Artikel 1.4 van het Procesreglement kort gedingen rechtbanken, kantonzaken, bepaalt dat indien een partij na de aanvraag enig bericht aan de kantonrechter doet of enig stuk bij de kantonrechter indient, deze partij gelijktijdig een afschrift van het bericht of het stuk aan de wederpartij en eventuele overige partijen dient te verzenden. Vast staat dat verweerder van zijn bericht aan de rechtbank d.d. 30 augustus 2016 niet gelijktijdig, maar eerst de dag erna, een afschrift aan klaagster heeft toegestuurd. Ofschoon verweerder daarmee heeft gehandeld in strijd met het bepaalde in het Procesreglement, is naar het oordeel van de voorzitter niet gebleken dat klaagster door deze – geringe – vertraging in de toezending van de kopie in haar belangen is geschaad. De voorzitter is van oordeel dat het verzuim zijdens verweerder van een zodanig beperkt gewicht is dat dit onderdeel van de klacht op de voet van artikel 46j lid 1 sub d Advocatenwet als kennelijk van onvoldoende gewicht moet worden afgewezen.

BESLISSING

De voorzitter verklaart:

1.    klachtonderdeel 1 met toepassing van artikel 46j lid 1 sub c Advocatenwet kennelijk ongegrond;

2.    klachtonderdeel 2 met toepassing van artikel 46j lid 1 sub d Advocatenwet van kennelijk onvoldoende gewicht.

Aldus beslist door mr. M.M.T. Coenegracht, voorzitter, met bijstand van mr. Th.H.G. van de Langenberg als griffier op  23 mei 2017.

Griffier                                            Voorzitter

mededelingen van de griffier ter informatie:

Deze beslissing is in afschrift op 23 mei 2017

verzonden aan:

-     klaagster

-     verweerder

-     de deken van de Orde van Advocaten in het arrondissement Oost- Brabant

Ingevolge artikelen 46j en 46h van de Advocatenwet kunnen klager, verweerder en de deken van de Orde van Advocaten in het arrondissement Oost-Brabant binnen dertig dagen na verzending van het afschrift van deze beslissing schriftelijk verzet doen bij de Raad van Discipline in het ressort ’s-Hertogenbosch.

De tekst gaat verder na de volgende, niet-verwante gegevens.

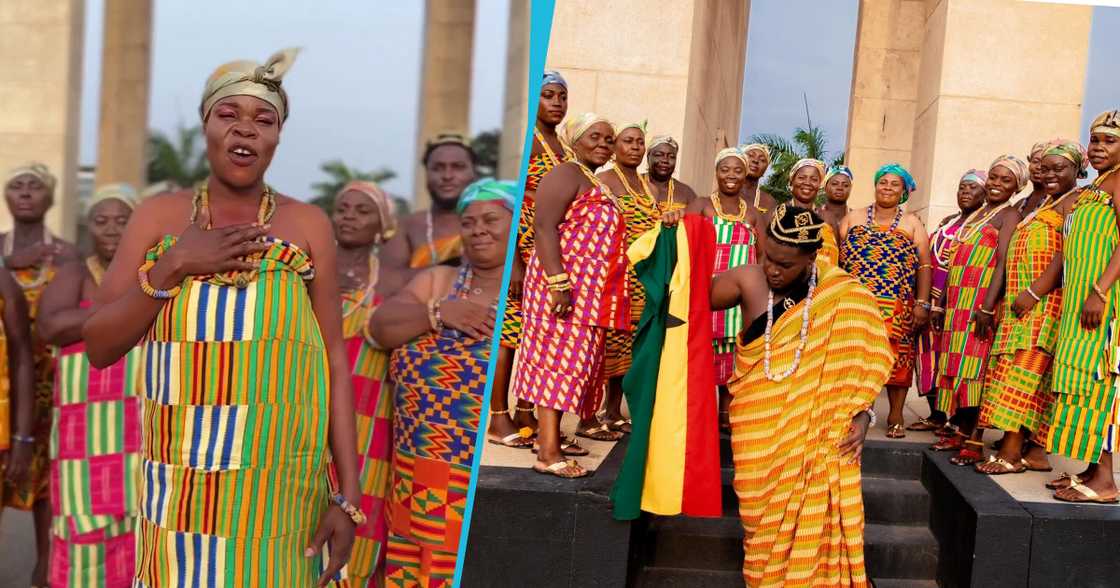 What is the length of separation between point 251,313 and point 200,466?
0.25 m

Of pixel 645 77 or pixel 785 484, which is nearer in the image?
pixel 785 484

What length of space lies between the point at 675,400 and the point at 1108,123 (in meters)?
2.67

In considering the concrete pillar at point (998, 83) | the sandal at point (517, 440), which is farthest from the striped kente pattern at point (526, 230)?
the concrete pillar at point (998, 83)

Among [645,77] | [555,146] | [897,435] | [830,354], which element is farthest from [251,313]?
[645,77]

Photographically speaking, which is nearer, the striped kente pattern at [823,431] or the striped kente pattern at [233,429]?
the striped kente pattern at [233,429]

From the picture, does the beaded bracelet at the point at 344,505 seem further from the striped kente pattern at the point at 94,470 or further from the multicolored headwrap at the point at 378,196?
the multicolored headwrap at the point at 378,196

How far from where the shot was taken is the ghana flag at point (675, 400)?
374 centimetres

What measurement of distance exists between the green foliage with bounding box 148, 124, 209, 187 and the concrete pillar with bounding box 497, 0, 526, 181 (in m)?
0.44

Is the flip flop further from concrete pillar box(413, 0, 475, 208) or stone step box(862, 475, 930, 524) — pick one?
concrete pillar box(413, 0, 475, 208)

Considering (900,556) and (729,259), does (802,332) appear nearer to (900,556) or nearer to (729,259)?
(900,556)

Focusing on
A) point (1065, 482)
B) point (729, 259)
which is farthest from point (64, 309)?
point (729, 259)

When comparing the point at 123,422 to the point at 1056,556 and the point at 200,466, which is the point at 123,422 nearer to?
the point at 200,466

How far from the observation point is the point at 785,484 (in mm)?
3600

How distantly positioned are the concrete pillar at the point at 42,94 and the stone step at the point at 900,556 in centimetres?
413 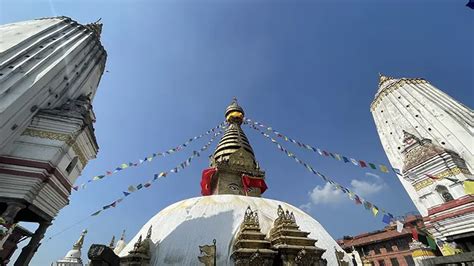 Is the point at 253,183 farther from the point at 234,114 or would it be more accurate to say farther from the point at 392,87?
the point at 392,87

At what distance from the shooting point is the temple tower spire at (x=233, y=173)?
2255 cm

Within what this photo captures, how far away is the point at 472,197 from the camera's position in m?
16.2

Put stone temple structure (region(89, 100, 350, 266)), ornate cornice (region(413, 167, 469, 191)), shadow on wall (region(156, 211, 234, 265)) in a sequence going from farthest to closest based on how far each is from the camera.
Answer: ornate cornice (region(413, 167, 469, 191)), shadow on wall (region(156, 211, 234, 265)), stone temple structure (region(89, 100, 350, 266))

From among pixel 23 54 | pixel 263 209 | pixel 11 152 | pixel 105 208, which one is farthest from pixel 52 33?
pixel 263 209

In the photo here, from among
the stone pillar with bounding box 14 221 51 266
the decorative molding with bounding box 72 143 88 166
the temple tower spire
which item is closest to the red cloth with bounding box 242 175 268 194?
the temple tower spire

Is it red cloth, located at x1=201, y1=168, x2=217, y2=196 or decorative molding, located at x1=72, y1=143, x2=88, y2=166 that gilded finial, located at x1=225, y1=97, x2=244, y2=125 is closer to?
red cloth, located at x1=201, y1=168, x2=217, y2=196

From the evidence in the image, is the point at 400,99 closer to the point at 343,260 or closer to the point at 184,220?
the point at 343,260

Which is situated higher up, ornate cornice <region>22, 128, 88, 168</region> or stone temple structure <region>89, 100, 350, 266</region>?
ornate cornice <region>22, 128, 88, 168</region>

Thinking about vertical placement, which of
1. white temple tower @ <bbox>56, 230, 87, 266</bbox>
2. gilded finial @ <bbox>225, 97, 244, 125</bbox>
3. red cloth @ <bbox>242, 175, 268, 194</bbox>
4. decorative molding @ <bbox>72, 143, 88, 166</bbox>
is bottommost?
white temple tower @ <bbox>56, 230, 87, 266</bbox>

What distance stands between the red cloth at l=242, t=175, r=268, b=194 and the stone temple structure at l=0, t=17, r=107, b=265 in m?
13.1

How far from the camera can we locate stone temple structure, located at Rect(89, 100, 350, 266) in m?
10.7

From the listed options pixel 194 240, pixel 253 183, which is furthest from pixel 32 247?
pixel 253 183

Het verzet wordt ingesteld door middel van indiening van een verzetschrift ( in tweevoud ), waarin de gronden van het verzet voorzien van een motivering worden omschreven.

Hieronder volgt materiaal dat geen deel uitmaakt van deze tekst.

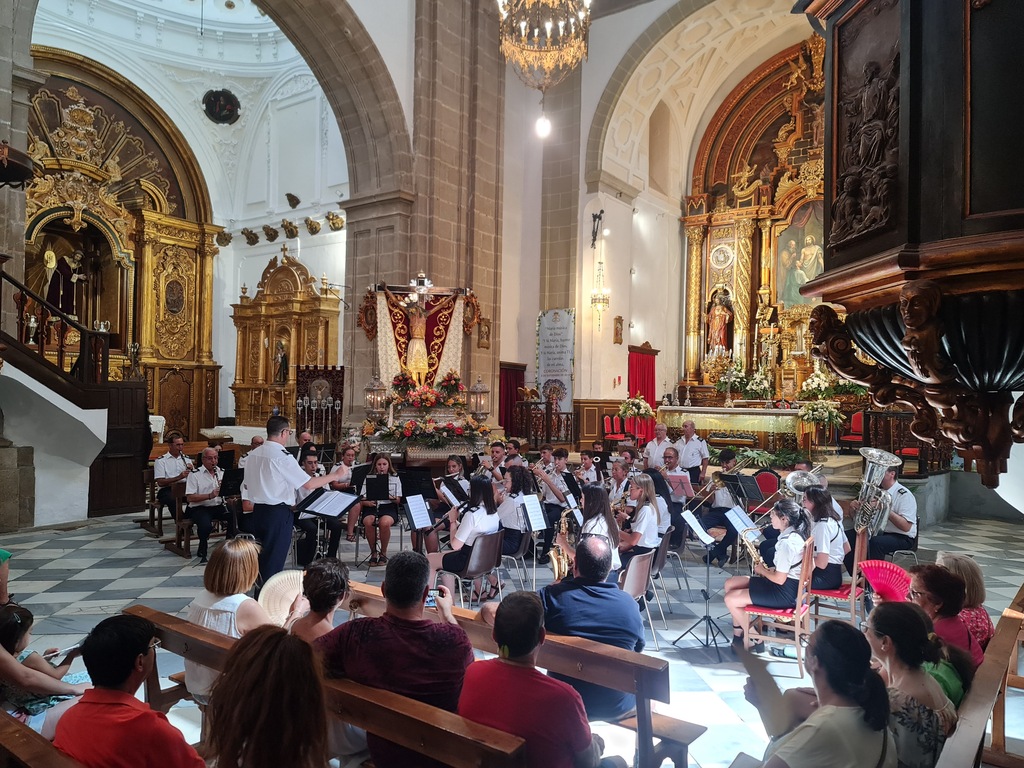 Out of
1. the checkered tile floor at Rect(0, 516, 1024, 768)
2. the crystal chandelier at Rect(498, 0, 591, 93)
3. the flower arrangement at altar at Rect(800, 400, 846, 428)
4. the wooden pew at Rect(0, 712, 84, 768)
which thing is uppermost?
the crystal chandelier at Rect(498, 0, 591, 93)

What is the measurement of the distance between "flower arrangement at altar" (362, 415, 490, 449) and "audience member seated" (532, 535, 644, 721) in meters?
7.75

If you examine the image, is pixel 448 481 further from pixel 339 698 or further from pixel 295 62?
pixel 295 62

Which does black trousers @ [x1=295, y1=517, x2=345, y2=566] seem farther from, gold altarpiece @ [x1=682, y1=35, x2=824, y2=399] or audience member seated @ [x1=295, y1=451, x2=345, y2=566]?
gold altarpiece @ [x1=682, y1=35, x2=824, y2=399]

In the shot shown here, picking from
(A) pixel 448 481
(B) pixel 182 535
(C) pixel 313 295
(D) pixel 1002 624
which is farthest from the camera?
(C) pixel 313 295

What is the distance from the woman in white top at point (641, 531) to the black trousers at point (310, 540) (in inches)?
125

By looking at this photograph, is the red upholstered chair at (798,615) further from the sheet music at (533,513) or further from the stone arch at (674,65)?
the stone arch at (674,65)

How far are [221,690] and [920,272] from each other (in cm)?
215

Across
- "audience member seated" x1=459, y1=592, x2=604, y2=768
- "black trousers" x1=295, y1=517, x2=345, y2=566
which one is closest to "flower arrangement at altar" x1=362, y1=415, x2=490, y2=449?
"black trousers" x1=295, y1=517, x2=345, y2=566

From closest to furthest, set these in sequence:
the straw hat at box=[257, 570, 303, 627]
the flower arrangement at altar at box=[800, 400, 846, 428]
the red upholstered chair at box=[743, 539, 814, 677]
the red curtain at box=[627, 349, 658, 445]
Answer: the straw hat at box=[257, 570, 303, 627] < the red upholstered chair at box=[743, 539, 814, 677] < the flower arrangement at altar at box=[800, 400, 846, 428] < the red curtain at box=[627, 349, 658, 445]

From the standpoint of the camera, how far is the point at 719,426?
1445 cm

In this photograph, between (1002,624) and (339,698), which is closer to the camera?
(339,698)

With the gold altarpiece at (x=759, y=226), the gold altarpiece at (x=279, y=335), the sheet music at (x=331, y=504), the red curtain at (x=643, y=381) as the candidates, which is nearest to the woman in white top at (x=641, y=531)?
the sheet music at (x=331, y=504)

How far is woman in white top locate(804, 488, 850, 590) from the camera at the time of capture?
5273mm

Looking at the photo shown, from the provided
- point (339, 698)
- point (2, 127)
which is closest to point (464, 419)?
point (2, 127)
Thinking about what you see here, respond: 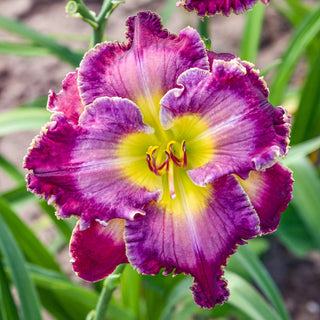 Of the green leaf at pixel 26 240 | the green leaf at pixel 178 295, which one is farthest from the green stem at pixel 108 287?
the green leaf at pixel 26 240

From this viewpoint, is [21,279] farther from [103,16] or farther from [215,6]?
[215,6]

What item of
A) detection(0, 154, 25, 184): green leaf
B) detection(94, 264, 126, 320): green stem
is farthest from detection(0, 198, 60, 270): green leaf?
detection(94, 264, 126, 320): green stem

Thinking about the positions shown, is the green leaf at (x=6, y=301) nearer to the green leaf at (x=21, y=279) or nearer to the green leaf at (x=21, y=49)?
the green leaf at (x=21, y=279)

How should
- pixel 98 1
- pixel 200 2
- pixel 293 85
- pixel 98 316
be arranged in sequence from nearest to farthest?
pixel 200 2
pixel 98 316
pixel 293 85
pixel 98 1

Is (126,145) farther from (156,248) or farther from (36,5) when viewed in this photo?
(36,5)

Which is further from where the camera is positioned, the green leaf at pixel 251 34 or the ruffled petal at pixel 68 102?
the green leaf at pixel 251 34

De termijn van dertig dagen begint op de dag volgend op die van verzending van de beslissing. Uiterlijk op de dertigste dag van die termijn moet het verzetschrift derhalve ontvangen zijn op de griffie van de raad van discipline. Verlenging van de termijn van dertig dagen is niet mogelijk.

                     Het verzetschrift kan op de volgende wijzen worden ingediend bij de raad van discipline:

                     a.         Per post

Het verzetschrift dient samen met de beslissing waarvan verzet in tweevoud, per post te    worden toegezonden aan de griffie van de raad.

Het postadres van de griffie van de raad van discipline is:

Postbus 1190, 4801 BD Breda

b.         Bezorging

De griffie is gevestigd in het gerechtsgebouw, Sluissingel 20, Breda

c.         Per fax

Het faxnummer van de raad van discipline is

088-2053737

Tegelijkertijd met de indiening per fax dient het verzetschrift samen met een afschrift van de beslissing waarvan verzet in tweevoud per post te worden toegezonden aan de griffie van de raad van discipline.